■ TO DO ■
Set down, word for word, every line of the material below from the one containing "Logo Ambassadors Inn" through the one containing "星之迟迟《2023年12月计划A 赛马娘 大和赤骥 圣诞衣装》主题写真：47张全套美图", but none of its pictures.

──────────────────────────────

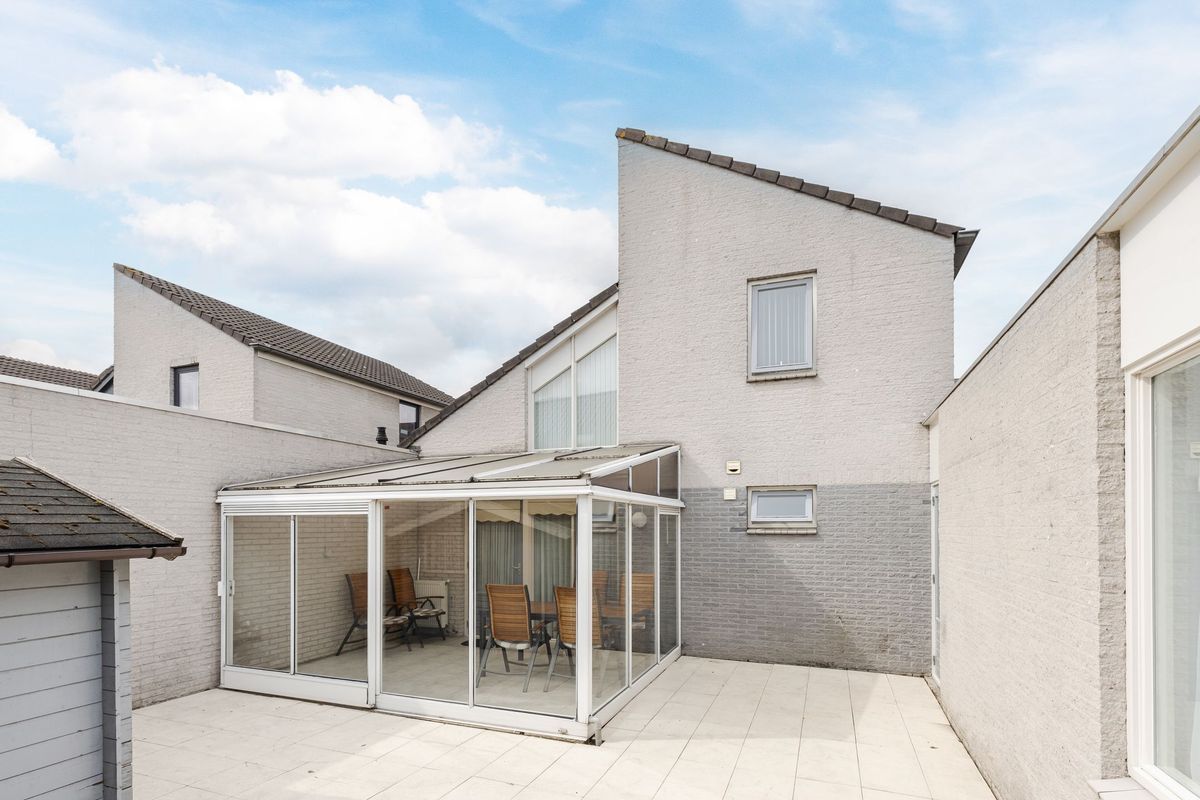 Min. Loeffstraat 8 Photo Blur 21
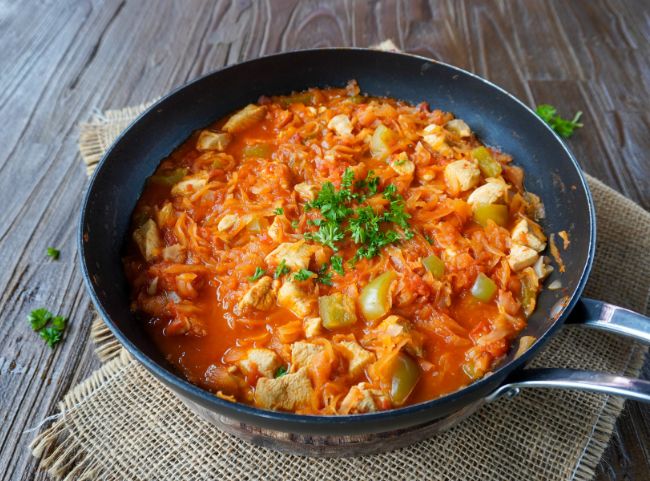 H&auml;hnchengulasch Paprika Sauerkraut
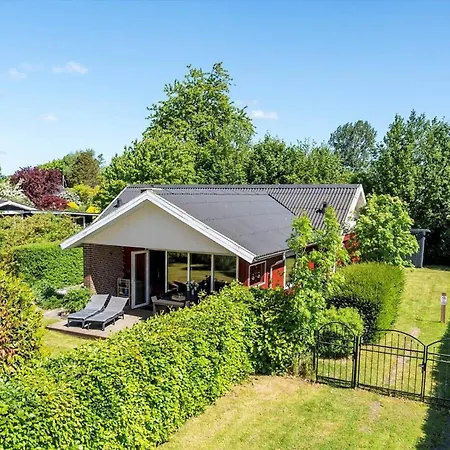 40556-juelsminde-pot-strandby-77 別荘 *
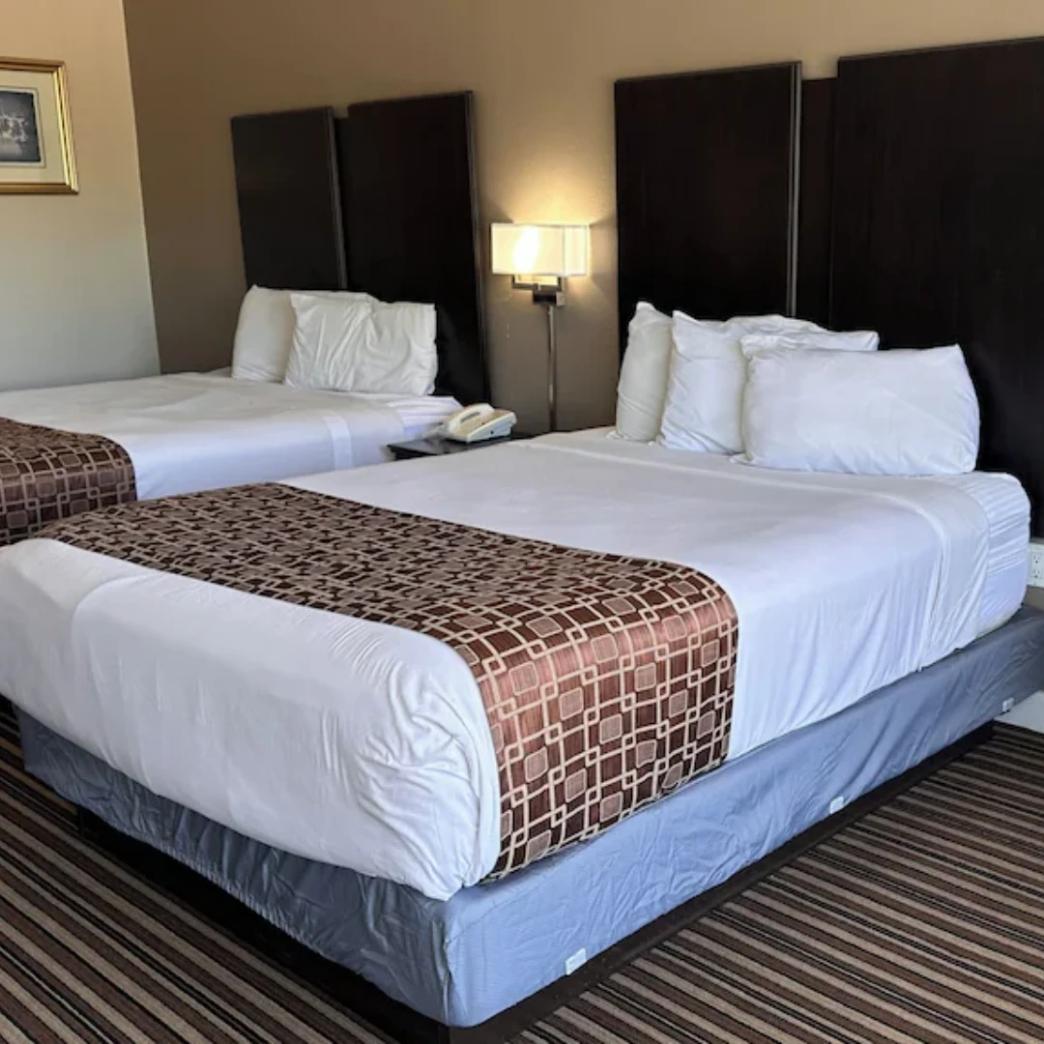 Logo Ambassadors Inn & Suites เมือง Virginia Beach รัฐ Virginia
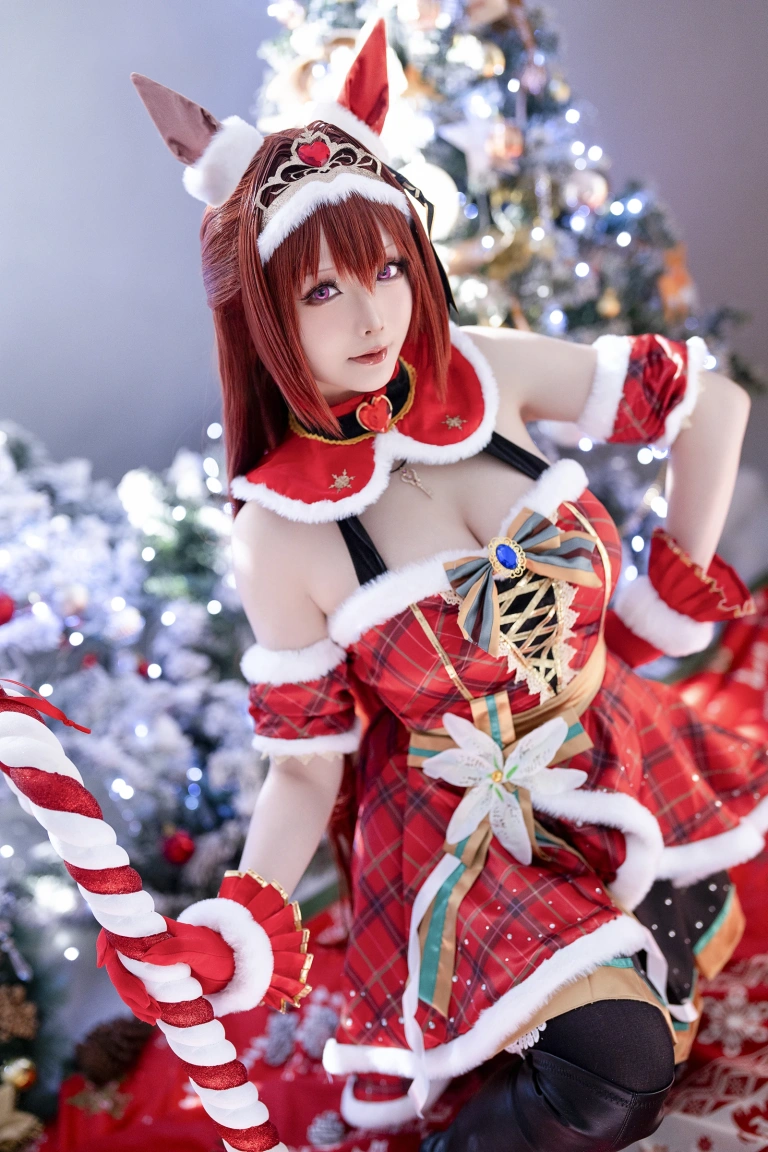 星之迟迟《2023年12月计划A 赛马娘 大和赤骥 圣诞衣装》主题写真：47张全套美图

──────────────────────────────

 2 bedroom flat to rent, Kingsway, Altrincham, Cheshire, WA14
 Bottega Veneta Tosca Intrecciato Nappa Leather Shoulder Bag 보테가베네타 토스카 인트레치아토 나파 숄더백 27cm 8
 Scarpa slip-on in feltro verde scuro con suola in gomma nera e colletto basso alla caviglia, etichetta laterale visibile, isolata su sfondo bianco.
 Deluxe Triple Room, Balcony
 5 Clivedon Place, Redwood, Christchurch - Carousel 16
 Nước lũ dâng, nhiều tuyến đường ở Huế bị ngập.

──────────────────────────────

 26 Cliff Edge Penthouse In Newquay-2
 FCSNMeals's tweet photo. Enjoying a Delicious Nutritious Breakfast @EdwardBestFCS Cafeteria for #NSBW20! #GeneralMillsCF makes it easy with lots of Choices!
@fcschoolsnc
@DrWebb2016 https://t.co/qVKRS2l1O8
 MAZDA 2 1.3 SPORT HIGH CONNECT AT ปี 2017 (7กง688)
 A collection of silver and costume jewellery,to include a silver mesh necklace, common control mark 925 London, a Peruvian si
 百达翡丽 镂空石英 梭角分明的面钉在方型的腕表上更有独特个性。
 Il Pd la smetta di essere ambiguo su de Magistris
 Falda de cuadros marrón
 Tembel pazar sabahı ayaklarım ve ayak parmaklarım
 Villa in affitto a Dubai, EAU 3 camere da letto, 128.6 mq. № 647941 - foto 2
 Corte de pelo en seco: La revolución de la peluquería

──────────────────────────────

■ REPLY TO THE EXERCISE ■
 Logo Ambassadors Inn & Suites เมือง Virginia Beach รัฐ Virginia
 星之迟迟《2023年12月计划A 赛马娘 大和赤骥 圣诞衣装》主题写真：47张全套美图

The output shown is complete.